Es gibt auch Mängel im Konzept
Ein paar Kritikpunkte hätten sie schon an dem »mit heißer Nadel gestrickten« Bundesfreiwilligendienst der damaligen Familienministerin Christina Schröder. Die vielen Träger der Einsatzstellen in den sozialen, ökologischen oder kulturellen Bereichen sehen das nicht anders, aber, so der Tenor: »Das sind hoffentlich Anlaufschwierigkeiten.« Vorerst müssen sie sich damit arrangieren, dass der BFD aus Geldgründen einen bundesweiten Einstellungsstopp beschlossen hat. Weil das Programm so populär ist, seien bereits im Frühling mehr als die Hälfte der möglichen Vereinbarungen für 2014 abgeschlossen worden, meldet das Amt. Kommunen und Vereine dürfen erst ab September wieder neue Helfer einstellen, die wiederum nicht älter als 25 Jahre sind. Ausgenommen von der Regelung sind große Träger wie Diakonie oder Caritas.
Rebecca Hauser und Peter Langhans haben also Glück gehabt, dass sie wie gewünscht ihre »Bleiweiß-Bufdi-Monate« absolvieren konnten. Sie haben es nicht bereut.
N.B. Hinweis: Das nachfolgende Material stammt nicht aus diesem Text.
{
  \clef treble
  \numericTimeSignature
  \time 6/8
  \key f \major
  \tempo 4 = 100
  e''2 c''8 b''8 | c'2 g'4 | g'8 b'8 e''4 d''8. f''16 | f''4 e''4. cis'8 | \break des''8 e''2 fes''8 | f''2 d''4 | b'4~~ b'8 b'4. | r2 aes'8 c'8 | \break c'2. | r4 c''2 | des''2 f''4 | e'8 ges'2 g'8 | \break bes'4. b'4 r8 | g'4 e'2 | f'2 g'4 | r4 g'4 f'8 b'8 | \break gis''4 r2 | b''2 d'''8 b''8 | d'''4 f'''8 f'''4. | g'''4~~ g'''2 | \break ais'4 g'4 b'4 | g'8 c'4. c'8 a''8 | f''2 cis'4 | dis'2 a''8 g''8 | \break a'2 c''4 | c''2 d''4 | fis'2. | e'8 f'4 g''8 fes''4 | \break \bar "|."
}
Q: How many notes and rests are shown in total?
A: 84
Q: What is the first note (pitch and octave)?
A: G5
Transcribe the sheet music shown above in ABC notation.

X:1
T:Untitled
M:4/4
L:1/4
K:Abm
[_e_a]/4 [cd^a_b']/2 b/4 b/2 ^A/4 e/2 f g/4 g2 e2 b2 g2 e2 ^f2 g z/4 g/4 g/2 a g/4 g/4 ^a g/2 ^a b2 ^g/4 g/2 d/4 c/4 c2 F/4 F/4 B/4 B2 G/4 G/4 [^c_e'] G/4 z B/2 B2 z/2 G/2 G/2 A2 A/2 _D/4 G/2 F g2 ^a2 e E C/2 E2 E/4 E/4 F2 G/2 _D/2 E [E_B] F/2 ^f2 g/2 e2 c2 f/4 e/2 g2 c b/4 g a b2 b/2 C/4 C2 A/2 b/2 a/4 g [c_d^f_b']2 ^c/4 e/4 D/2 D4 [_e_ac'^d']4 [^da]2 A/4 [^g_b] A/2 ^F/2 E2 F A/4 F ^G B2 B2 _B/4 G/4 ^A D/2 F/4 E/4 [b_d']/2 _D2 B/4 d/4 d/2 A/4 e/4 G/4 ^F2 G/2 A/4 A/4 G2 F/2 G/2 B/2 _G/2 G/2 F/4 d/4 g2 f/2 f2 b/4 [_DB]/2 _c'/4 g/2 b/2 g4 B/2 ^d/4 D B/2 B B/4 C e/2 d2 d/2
Der Bundesfreiwilligendienst (BFD)
Der BFD steht generell sowohl jungen und als auch älteren Menschen offen. Das Engagement kann zwischen 6 und 24 Monate lang sein und ist für alle, die älter als 27 Jahre sind, auch in Teilzeit möglich. Das Taschengeld wird frei vereinbart und beträgt maximal 330 Euro. Die Freiwilligen sind gesetzlich sozialversichert. Der Dienst wird durch Seminare ergänzt. Zum letzten erhobenen Zeitpunkt arbeiteten deutschlandweit rund 50.000 Menschen im Bundesfreiwilligendienst. In Bayern waren es 1.883 Frauen und 1.857 Männer, auf die Altersgruppe der über 50-Jährigen entfielen mit 212 Bufdis nur knapp sechs Prozent.